Now remember kids ‘the medicine’ is the message, not just the drugs.

I’m an advocate for the medicine. I have experienced the fact that these drugs, intelligently used, are powerful methods for transforming us. They can transform us from damaged, alienated, grief-stricken and fearful people into thoughtful, caring, curious and joyous individuals. Critically ‘the medicine’ as a whole is the combination of psychedelic experience within a set and setting designed to enhance its entheogenic potential. The medicine is the complete psychedelic triangle of set, setting and substance. This is context engineering for chemically augmented awareness. We need this medicine, to heal us from our divisions that perpetuate the illusion of isolation, to allow us to transform our bitterness and form better relationships with ourselves, each other and the planet.

I want to nurture settings in which the self-administered and autonomously interpreted psychedelic experience is open to all who seek it. Imagine then what our species could achieve if we turned on the world to the medicine? The simple fact that we know these drugs help hot-wire our neurology, creating minds better able to work with complexity, to discover new solutions and appreciate new perspectives, should give us hope. Perhaps with sufficient ramping up of the simian wetware we can discover ways to address the challenges that face us as species? Perhaps we can boot our intelligence up to the next level? Many people have observed how individual people can be totally fine whereas groups of humans often exhibit much more stereotyped behaviors. Maybe if we have sufficient people operating with minds informed by the higher processing capacity of the psychedelic state we may begin to behave more mindfully as a species?

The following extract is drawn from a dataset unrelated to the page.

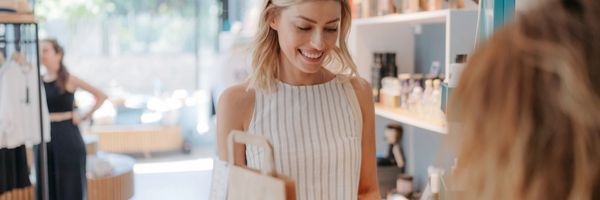 Woman smiling while shopping in a store.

And we can choose to explore inner and outer space together for ever!

But these are just a few wild speculations about sacred sacraments, the point is that the medicine – the set, setting and substance of entheogenics – certainly has the potential to be a great ally for our species. Overcoming the legal, economic, environmental, cultural and social problems associated these substances is essential work. This means supporting licensed scientific and medical research, and bearing witness to the value of the psychedelic experience, and demanding it as a point of cognitive liberty, an essential part of our humanity, and a legitimate spiritual practice.

We need to realize that, as Nick Sand (Peace Be Upon him) says in The Sunshine Makers, “freedom is not about being in chains, it’s about not having your mind enslaved”. The intelligent use of psychedelics can liberate us from this slavery, the slavery of psychic distress and restricted cognition. Psychedelics can alter us and in turn our culture; they teach us both acceptance and the importance of intention, the value of challenge and of ecstasy, of self-awareness and of empathy.

sand1

So I say take your drugs and turn them into medicine for yourself, your community and all beings. Liberate yourself and others! Ahoy!”